Below are the entries. Print only the lines starting at the one with "Don Purple Dick" and ending at the one with "The image depicts", exactly, with no pictures.

**Stored data:**

|---|

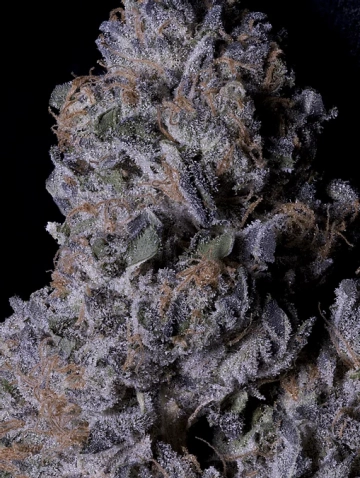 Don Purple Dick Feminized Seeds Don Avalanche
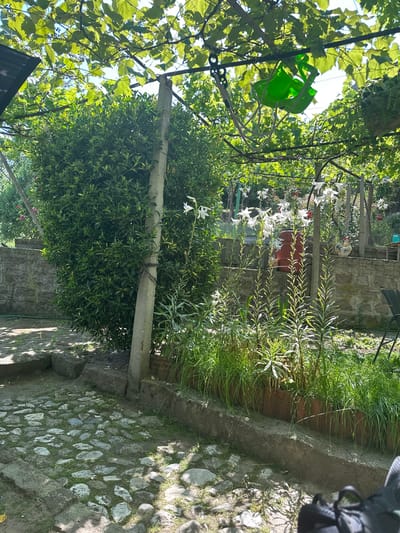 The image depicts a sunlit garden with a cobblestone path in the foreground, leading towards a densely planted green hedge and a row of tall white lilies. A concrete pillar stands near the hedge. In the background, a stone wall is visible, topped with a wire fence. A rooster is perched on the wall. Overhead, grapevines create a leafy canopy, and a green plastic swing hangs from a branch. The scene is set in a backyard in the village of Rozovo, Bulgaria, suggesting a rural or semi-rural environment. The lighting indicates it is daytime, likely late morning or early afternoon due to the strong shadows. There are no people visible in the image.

|---|

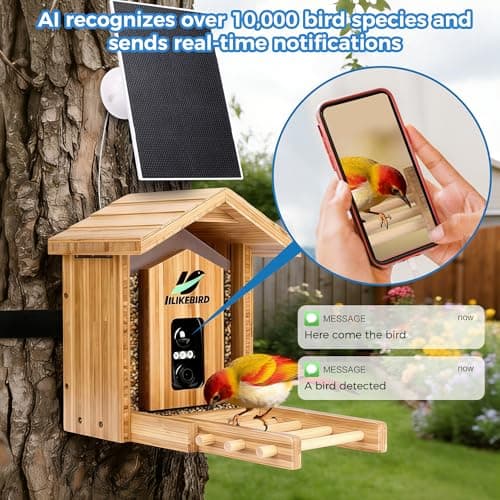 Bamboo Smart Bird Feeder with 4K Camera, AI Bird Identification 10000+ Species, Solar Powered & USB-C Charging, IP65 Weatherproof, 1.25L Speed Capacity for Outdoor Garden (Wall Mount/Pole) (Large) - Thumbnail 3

|---|

**Task response:**
 Don Purple Dick Feminized Seeds Don Avalanche
 The image depicts a sunlit garden with a cobblestone path in the foreground, leading towards a densely planted green hedge and a row of tall white lilies. A concrete pillar stands near the hedge. In the background, a stone wall is visible, topped with a wire fence. A rooster is perched on the wall. Overhead, grapevines create a leafy canopy, and a green plastic swing hangs from a branch. The scene is set in a backyard in the village of Rozovo, Bulgaria, suggesting a rural or semi-rural environment. The lighting indicates it is daytime, likely late morning or early afternoon due to the strong shadows. There are no people visible in the image.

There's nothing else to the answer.